Every spring, the Jewish festival of Passover happens for seven (or eight) days, beginning and ending at sundown. It’s a time for families to come together in remembrance.

According to the story of Exodus in the Old Testament, God helped the Israelites escape slavery in Egypt by raining plagues over the Egyptians, including the death of Egyptian firstborn children, until the Pharaoh released the Israelites to their freedom.

With the Israelites marking their doorposts, God knew to pass over any firstborn in those houses.

Once the Israelites were freed, they left so quickly before any minds were changed that they did not wait for the dough to make bread to rise, or leaven. This gives us the tradition of unleavened bread, or matzo, to be eaten during the Passover festival.

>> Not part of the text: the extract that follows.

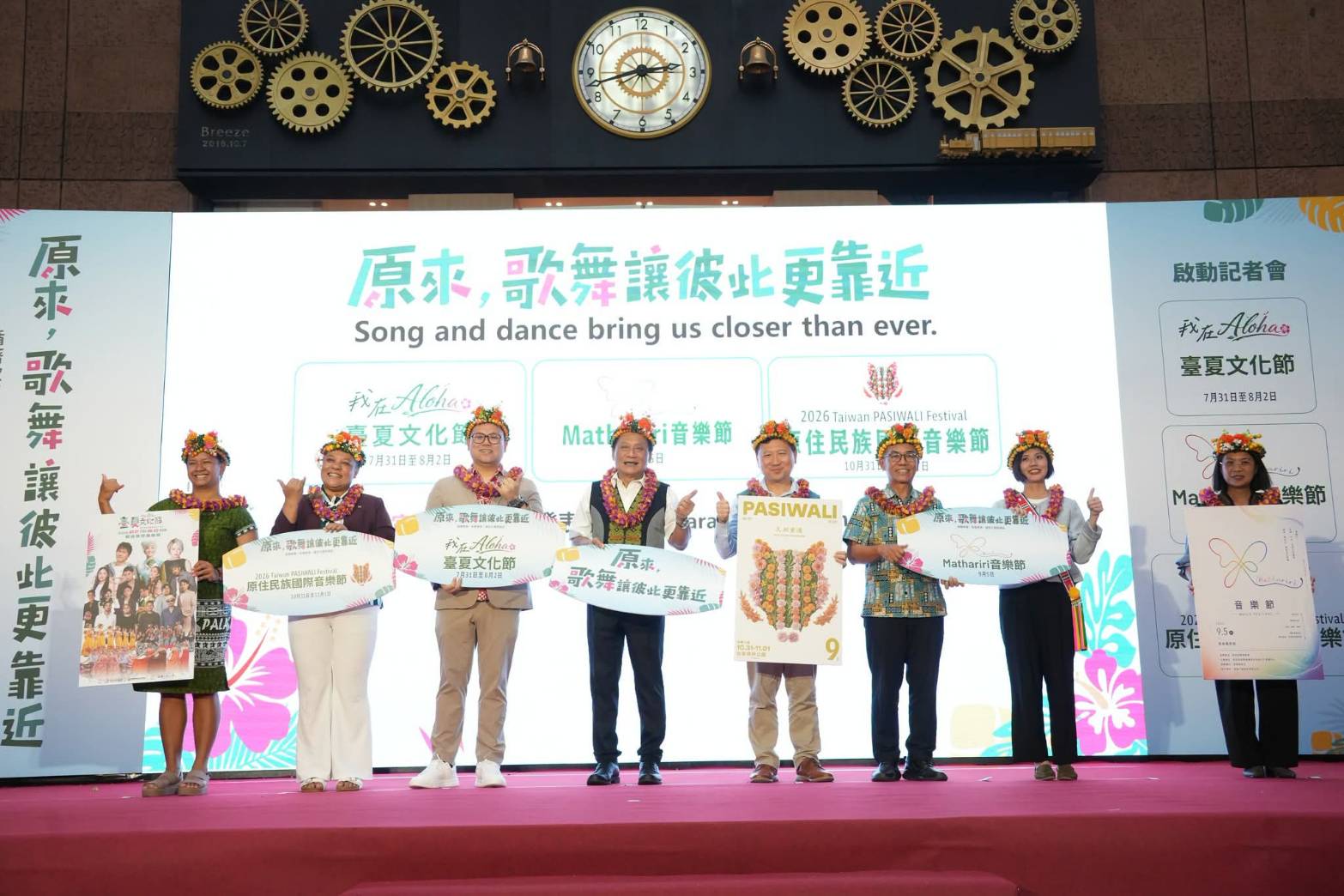 漂亮不只有一種標準！Mathariri音樂節9月5日屏東登場 溫柔擁抱島嶼多元共融  打造當代原住民族文化聚落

So, what does this have to do with our dogs? For starters, there is a biblical reference to dogs in Exodus 11:7, “But among the Israelites not a dog will bark at any person or animal. Then you will know that the Lord makes distinction between Egypt and Israel.” Back in biblical times, the sound of a dog barking signified death. As the Israelites were passed over during the killing of the first-borns, dogs in those households remained silent.

As for dogs of today, diets for dogs in kosher homes are generally not as strict as they are for their owners. Foods that are non-kosher include any meat from a pig, or shellfish. Hamburgers that are all-beef are fine, but you’ll never find a cheeseburger in a kosher home because meat cannot be mixed with dairy.

According to the Torah, which is considered the law of God as revealed to Moses and recorded in the first five books of the Hebrew Scriptures “…do not eat the meat of an animal torn by wild beasts; throw it to the dogs.” So that pork? That’s okay for dogs. The only law that applies to our pups is no meat should be cooked with any milk or dairy products. That is, unless the dog is a stray as the family does not derive a benefit from a stray animal. Go figure.

The only caveat comes at Passover. According to Star-K Kosher Certification, dogs must be fed using stricter guidelines. As foods with any leavening, called chametz, are forbidden during the holiday, so are they in dog food. This includes any foods with wheat, barley, oats, rye and brewer’s yeast. Some dog food with gravies in them might also include some of these items. Star-K lists acceptable foods for most popular dog food brands on its website.

So to our Jewish readers, and their dogs, our wishes for a Happy Pesach!